El primer complacido tendría que ser uno mismo, antes que los demás.
-Pero si un amigo me dice: “Oye, Evelio, esta frase no me gusta tanto”, ahí sí que pongo todo el cuidado del mundo.
Después del boom hay una figura por cuya obra todo el mundo pasa: Roberto Bolaño. ¿Ha sido importante su obra para usted?
-Bueno, en mi caso diría que no. Yo leí Los detectives salvajes (1998) en Barcelona, hace muchos años. Me gustó la novela, pero no me quedó el deseo de seguir leyéndolo. No me convertí en un devoto, no se dieron las ganas de seguir buscando sus libros. Eso sí me ocurrió, por ejemplo, con Arguedas o con Onetti, pero no con Bolaño. No me llamó la atención más allá de la novela que ya mencioné.
Dijo Arguedas…
-Sí, a mí siempre me gustó mucho Arguedas. Los ríos profundos (1956), por ejemplo, me causó una gran impresión. Llegué a tenerlo entre mis escritores favoritos.
¿Qué escritores latinoamericanos en actividad son los que más le interesan en este momento?

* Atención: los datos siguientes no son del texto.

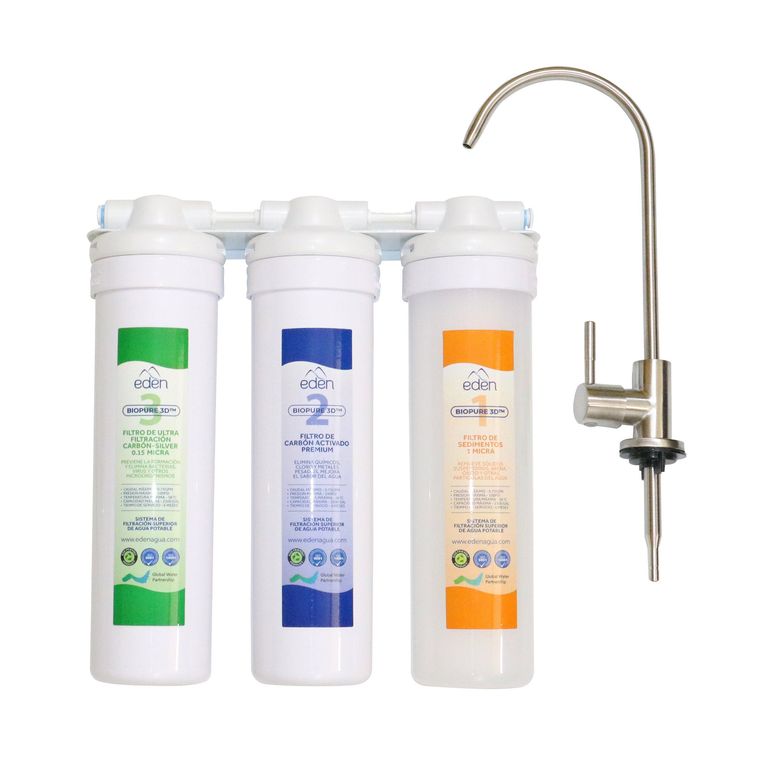 Filtro Purificador de agua bajo lavadero 3 Etapas Edén EcoMAX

-La verdad es que no estoy muy al tanto de la literatura latinoamericana más reciente. En mi país destaco la obra de Juan Pablo Montoya, reciente ganador del premio Rómulo Gallegos, y no lo digo por el premio, porque él ya tiene una obra amplia; Pedro Badrán Padaui es otro escritor colombiano que me interesa mucho. Yo soy más un relector, estoy tratando de reencontrarme con esa alegría juvenil, ese deslumbramiento. He vuelto al Quijote, por ejemplo. Lo he leído tres veces ya.

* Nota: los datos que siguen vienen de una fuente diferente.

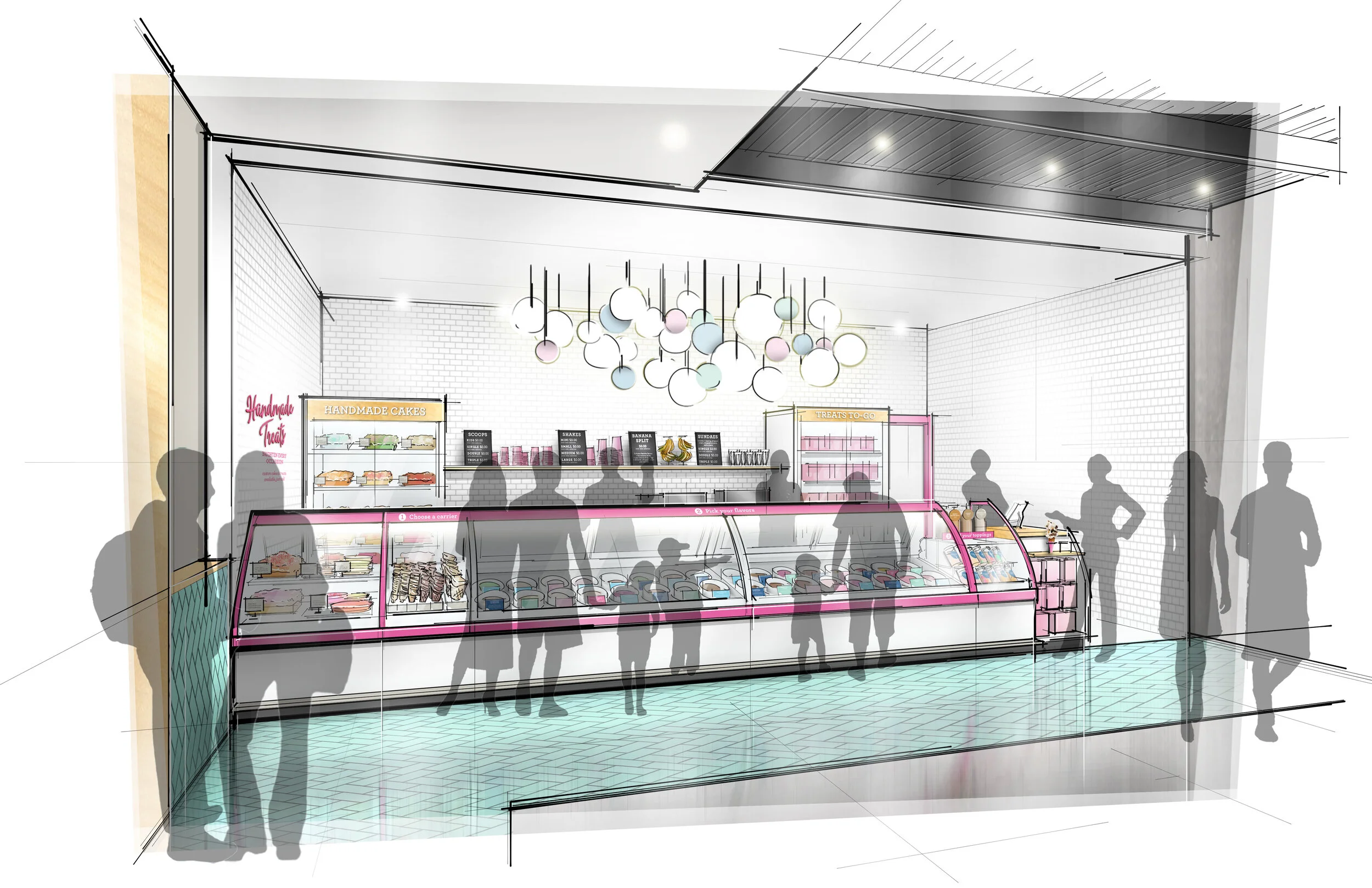 Lighting symbolizes the “31 flavors” that made the brand popular all around the world. It also serves as a repeatable, unique brand element.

¿Su paso por Borges ha sido grato?
-Grato, sí, admiro mucho los poemas de Borges. Sus cuentos son también importantes y en algunos casos son obras maestras, pero fíjate que más me interesa Cortázar, no tanto por Rayuela (1963), sino por sus cuentos.
¿Ha escrito ensayos, colabora con periódicos?
-Me lo han propuesto, pero no. Lo que yo quiero es dedicar mi tiempo a escribir ficción. Me ofrecieron columnas en El País y El Espectador, pero me he negado. Escribí alguno que otro ensayo, pero como ya dije, quisiera consagrar mi energía a la ficción. Ahí sí me pongo disciplinado.
El autor de la entrevista con el escritor.
Las primeras señales del crepúsculo caen sobre Miraflores. Hemos descendido del salón VIP del hotel a la calle, porque Rosero tiene el deseo imperioso de encender un cigarrillo y hacerlo en el interior sería ciertamente una herejía. Conversamos con cierta prisa, mientras aspira y exhala el humo azul. Falta media hora para su presentación en la Feria Ricardo Palma. Me pide recomendaciones de autores peruanos. Le menciono tres o cuatro libros recientes de autores jóvenes que he leído y él apunta con diligencia y letra que, quiero adivinar, tiene algo de la melancolía de su dueño. Lo acompaño unos pasos, hasta la esquina de Schell y Alcanfores. Antes del apretón de manos de rigor me permito decirle:
Confieso que vine a esta cita con cierta aprensión.
-¿Por qué?
Porque había leído que a usted no le gustaban mucho las entrevistas.
-Pues me ponen a sudar, pero ahí vamos (risas).